* [Try it]
The lines in the listing below are to be given again exactly, starting at the line holding "When we're going" and ending at the line holding "Today we're talking". Do not include pictures.

* [Exercise input]
┌──

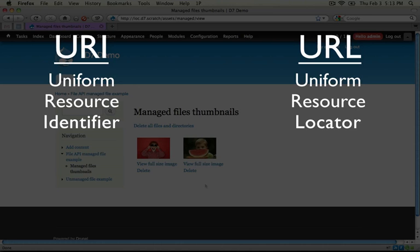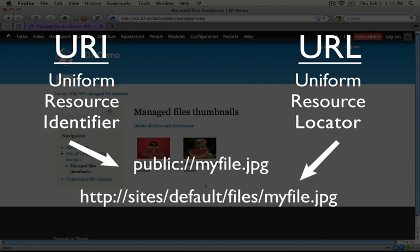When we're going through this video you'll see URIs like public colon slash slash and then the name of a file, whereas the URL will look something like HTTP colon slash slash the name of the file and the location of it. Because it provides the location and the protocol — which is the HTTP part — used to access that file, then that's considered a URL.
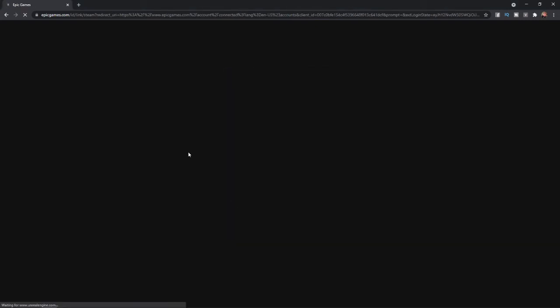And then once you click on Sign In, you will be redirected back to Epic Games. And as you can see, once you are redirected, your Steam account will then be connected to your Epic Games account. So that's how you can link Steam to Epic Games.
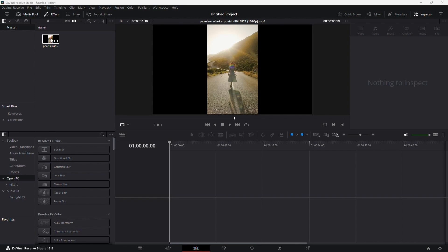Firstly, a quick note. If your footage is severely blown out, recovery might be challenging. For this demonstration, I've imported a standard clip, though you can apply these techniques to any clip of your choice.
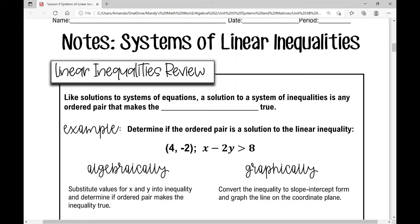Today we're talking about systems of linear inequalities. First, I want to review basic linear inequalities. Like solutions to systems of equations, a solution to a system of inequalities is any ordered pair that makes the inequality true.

└──
┌──

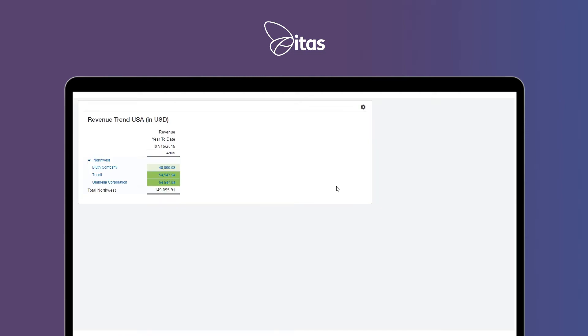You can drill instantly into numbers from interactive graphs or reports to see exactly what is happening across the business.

└──
┌──

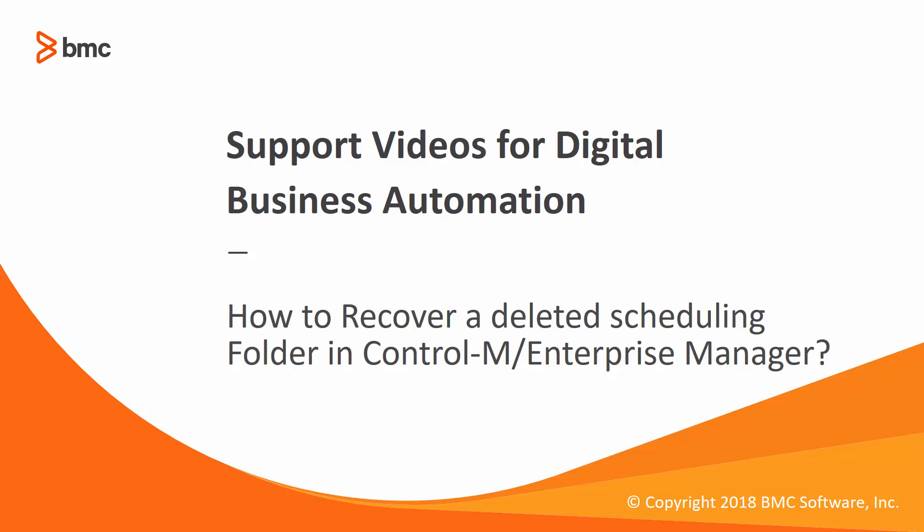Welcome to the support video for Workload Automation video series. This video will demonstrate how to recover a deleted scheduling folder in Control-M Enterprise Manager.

└──

* [Problem solution]
When we're going through this video you'll see URIs like public colon slash slash and then the name of a file, whereas the URL will look something like HTTP colon slash slash the name of the file and the location of it. Because it provides the location and the protocol — which is the HTTP part — used to access that file, then that's considered a URL.
And then once you click on Sign In, you will be redirected back to Epic Games. And as you can see, once you are redirected, your Steam account will then be connected to your Epic Games account. So that's how you can link Steam to Epic Games.
Firstly, a quick note. If your footage is severely blown out, recovery might be challenging. For this demonstration, I've imported a standard clip, though you can apply these techniques to any clip of your choice.
Today we're talking about systems of linear inequalities. First, I want to review basic linear inequalities. Like solutions to systems of equations, a solution to a system of inequalities is any ordered pair that makes the inequality true.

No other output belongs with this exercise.